PROBLEM STATEMENT
Go through the data below and transcribe it exactly. Omit the images.

SUPPLIED DATA
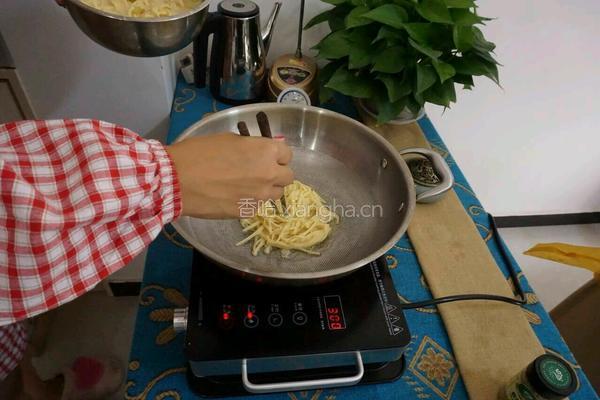 土豆丝饼的做法图解7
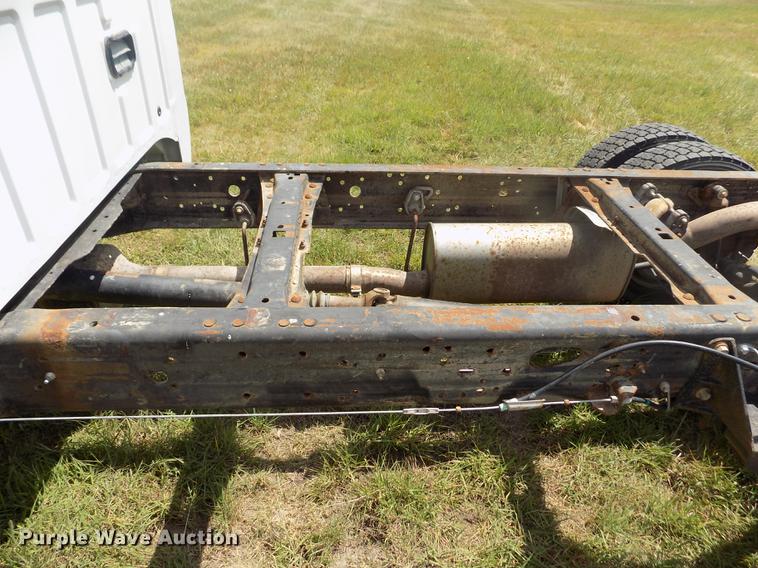 image for item DB9240 2005 Ford F450 Super Duty truck cab and chassis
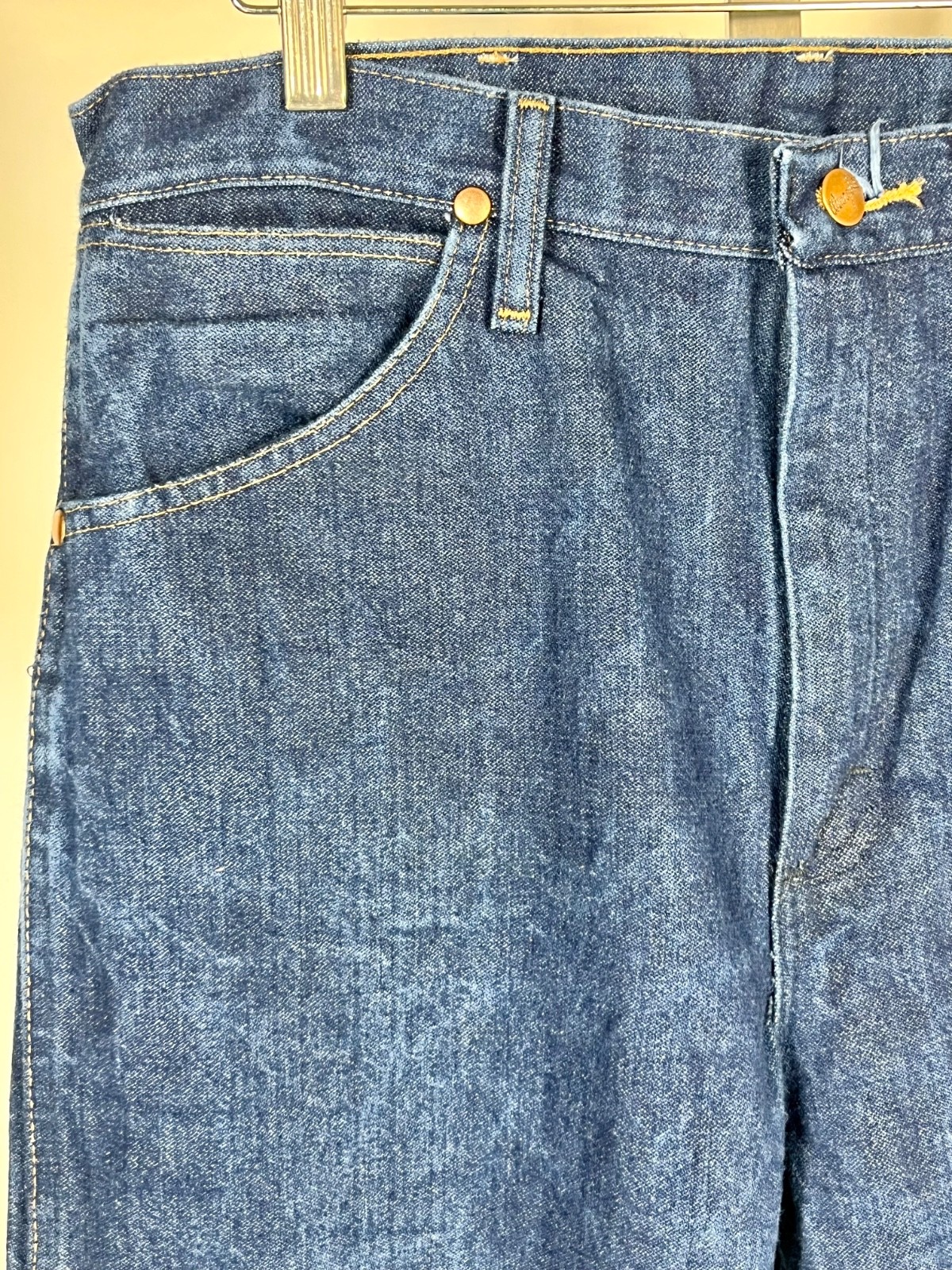 Modern early 2000&rsquo;s WRANGLER cut 13MWZ dark blue 100% cotton denim jeans 33×34&Prime;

TASK RESULT
 土豆丝饼的做法图解7
 image for item DB9240 2005 Ford F450 Super Duty truck cab and chassis
 Modern early 2000&rsquo;s WRANGLER cut 13MWZ dark blue 100% cotton denim jeans 33×34&Prime;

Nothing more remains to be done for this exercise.